There only one command line argument you have to provide when starting Varnish, which is ‘-b’ for where the backend server can be contacted.

‘-a’ is another argument which is likely to require adjustment.

If you have installed Varnish through using a provided operating system bound package, you will find the startup options here:

  • Debian, Ubuntu: /etc/default/varnish

  • Red Hat, Centos: /etc/sysconfig/varnish

  • FreeBSD: /etc/rc.conf (See also: /usr/local/etc/rc.d/varnishd)

‘-a’ <[name=][listen_address[,PROTO|,option=value,…]]>

Each ‘-a’ argument defines one endpoint which Varnish should service HTTP requests on.

The default is :80,http to listen on the Well Known Port for HTTP. If your webserver runs on the same machine, you will likely have to move it to another port number or bind it to a loopback address first.

Multiple ‘-a’ arguments can be provided to service multiple endpoints. name is the local.socket name for VCL. listen_address can be an IPv4 or IPv6 address with a port, a unix domain socket path or an abstract socket.

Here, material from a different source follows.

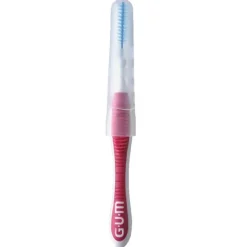 GUM Trav-Ler 1,4mm Kerze pink Interdental + 6Kappen, 6 St
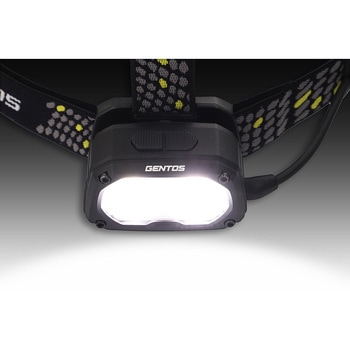 T-REX 2000LMヘッドライト充電式 GENTOS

See varnishd for more details.

Here are some examples:

-a http=:80
-a localhost:80,HTTP
-a 192.168.1.100:8080
-a '[fe80::1]:80'
-a '0.0.0.0:8080,[::]:8081'
-a uds=/my/path,PROXY,mode=666
-a @abstract_socket

‘-f’ VCL-file or ‘-b’ backend

Varnish needs to know where to find the HTTP server it is caching for. You can either specify it with the ‘-b’ argument, or you can put it in your own VCL file, specified with the ‘-f’ argument.

Using ‘-b’ is a quick way to get started:

-b localhost:81
-b thatotherserver.example.com:80
-b 192.168.1.2:80

Notice that if you specify a name, it can at most resolve to one IPv4 and one IPv6 address.

For more advanced use, you will want to specify a VCL program with -f, but you can start with as little as just:

backend default {
        .host = "localhost:81";
}

which is, by the way, precisely what ‘-b’ does.

Optional arguments

For a complete list of the command line arguments please see varnishd(1) options.